The gpb is a compiler for Google protocol buffer definitions files for Erlang.

See https://developers.google.com/protocol-buffers/ for further information on the Google protocol buffers.

Basic example of using gpb

Let's say we have a protobuf file, x.proto

message Person {
required string name = 1;
required int32 id = 2;
optional string email = 3;
}

We can generate code for this definition in a number of different ways. Here we use the command line tool. For info on integration with rebar, see further down.

# .../gpb/bin/protoc-erl -I. x.proto

Now we've got x.erl and x.hrl. First we compile it and then we can try it out in the Erlang shell:

# erlc -I.../gpb/include x.erl
# erl
Erlang/OTP 19 [erts-8.0.3] [source] [64-bit] [smp:12:12] [async-threads:10] [kernel-poll:false]
Eshell V8.0.3 (abort with ^G)
1> rr("x.hrl").
['Person']
2> x:encode_msg(#'Person'{name="abc def", id=345, email="a@example.com"}).
<<10,7,97,98,99,32,100,101,102,16,217,2,26,13,97,64,101,
120,97,109,112,108,101,46,99,111,109>>
3> Bin = v(-1).
<<10,7,97,98,99,32,100,101,102,16,217,2,26,13,97,64,101,
120,97,109,112,108,101,46,99,111,109>>
4> x:decode_msg(Bin, 'Person').
#'Person'{name = "abc def",id = 345,email = "a@example.com"}

In the Erlang shell, the rr("x.hrl") reads record definitions, and the v(-1) references a value one step earlier in the history.

Mapping of protocol buffer datatypes to erlang

Protobuf typeErlang type
double, floatfloat() | infinity | '-infinity' | nan
When encoding, integers, too, are accepted
int32, int64
uint32, uint64
sint32, sint64
fixed32, fixed64
sfixed32, sfixed64
integer()
booltrue | false
When encoding, the integers 1 and 0, too, are accepted
enumatom()
unknown enums decode to `integer()`
messagerecord (thus tuple())
or map() if the maps (-maps) option is specified
stringunicode string, thus list of integers
or binary() if the strings_as_binaries (-strbin) option is specified
When encoding, iolists, too, are accepted
bytesbinary()
When encoding, iolists, too, are accepted
oneof{ChosenFieldName, Value}
map<_,_>An unordered list of 2-tuples, [{Key,Value}]
or a map, if the maps (-maps) option is specified

Repeated fields are represented as lists.

Optional fields are represented as either the value or undefined if not set.

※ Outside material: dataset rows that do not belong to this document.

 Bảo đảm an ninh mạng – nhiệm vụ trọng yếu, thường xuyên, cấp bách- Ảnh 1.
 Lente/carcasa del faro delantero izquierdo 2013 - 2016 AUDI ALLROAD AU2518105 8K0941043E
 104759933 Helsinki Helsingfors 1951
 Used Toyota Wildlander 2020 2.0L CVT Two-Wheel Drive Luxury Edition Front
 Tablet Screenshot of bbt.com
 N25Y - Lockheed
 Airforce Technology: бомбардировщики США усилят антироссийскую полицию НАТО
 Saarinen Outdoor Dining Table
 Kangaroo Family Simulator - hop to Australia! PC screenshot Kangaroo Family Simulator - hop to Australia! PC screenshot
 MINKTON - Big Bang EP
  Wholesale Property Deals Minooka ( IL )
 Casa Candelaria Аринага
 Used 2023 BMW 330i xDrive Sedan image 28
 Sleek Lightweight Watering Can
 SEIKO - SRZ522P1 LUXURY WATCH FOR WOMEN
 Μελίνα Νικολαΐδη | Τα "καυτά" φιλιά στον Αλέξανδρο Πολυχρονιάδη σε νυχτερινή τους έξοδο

However, for maps, if the option maps_unset_optional is set to omitted, then unset optional values are omitted from the map, instead of being set to undefined.

Examples of Erlang format for protocol buffer messages

Repeated and required fields

message m1 {
repeated uint32 i = 1;
required bool b = 2;
required eee e = 3;
required submsg sub = 4;
}
message submsg {
required string s = 1;
required bytes b = 2;
}
enum eee {
INACTIVE = 0;
ACTIVE = 1;
}
Corresponding Erlang
#m1{i = [17, 4711],
b = true,
e = 'ACTIVE',
sub = #submsg{s = "abc",
b = <<0,1,2,3,255>>}}
%% If compiled to with the option maps:
#{i => [17, 4711],
b => true,
e => 'ACTIVE',
sub => #{s => "abc",
b => <<0,1,2,3,255>>}}

Optional fields

message m2 {
optional uint32 i1 = 1;
optional uint32 i2 = 2;
}
Corresponding Erlang
#m2{i1 = 17} % i2 is implicitly set to undefined
%% With the maps option
#{i1 => 17,
i2 => undefined}
%% With the maps option and the maps_unset_optional set to omitted:
#{i1 => 17}

Oneof fields

This construct first appeared in Google protobuf version 2.6.0.

message m3 {
oneof u {
int32 a = 1;
string b = 2;
}
}
Corresponding Erlang

A oneof field is automatically always optional.

#m3{u = {a, 17}}
#m3{u = {b, "hello"}}
#m3{} % u is implicitly set to undefined
%% With the maps option
#{u => {a, 17}}
#{u => {b, "hello"}}
#{u => undefined} % If maps_unset_optional = present_undefined (default)
#{} % With the maps_unset_optional set to omitted

Map fields

Not to be confused with Erlang maps. This construct first appeared in Google protobuf version 3.0.0 (for both the proto2 and the proto3 syntax)

message m4 {
map<uint32,string> f = 1;
}
Corresponding Erlang

For records, the order of items is undefined when decoding.

#m4{f = []}
#m4{f = [{1, "a"}, {2, "b"}, {13, "hello"}]}
%% With the maps option
#{f => #{}}
#{f => #{1 => "a", 2 => "b", 13 => "hello"}}

Unset optionals and the default option

For proto2 syntax

This describes how decoding works for optional fields that are not present in the binary-to-decode.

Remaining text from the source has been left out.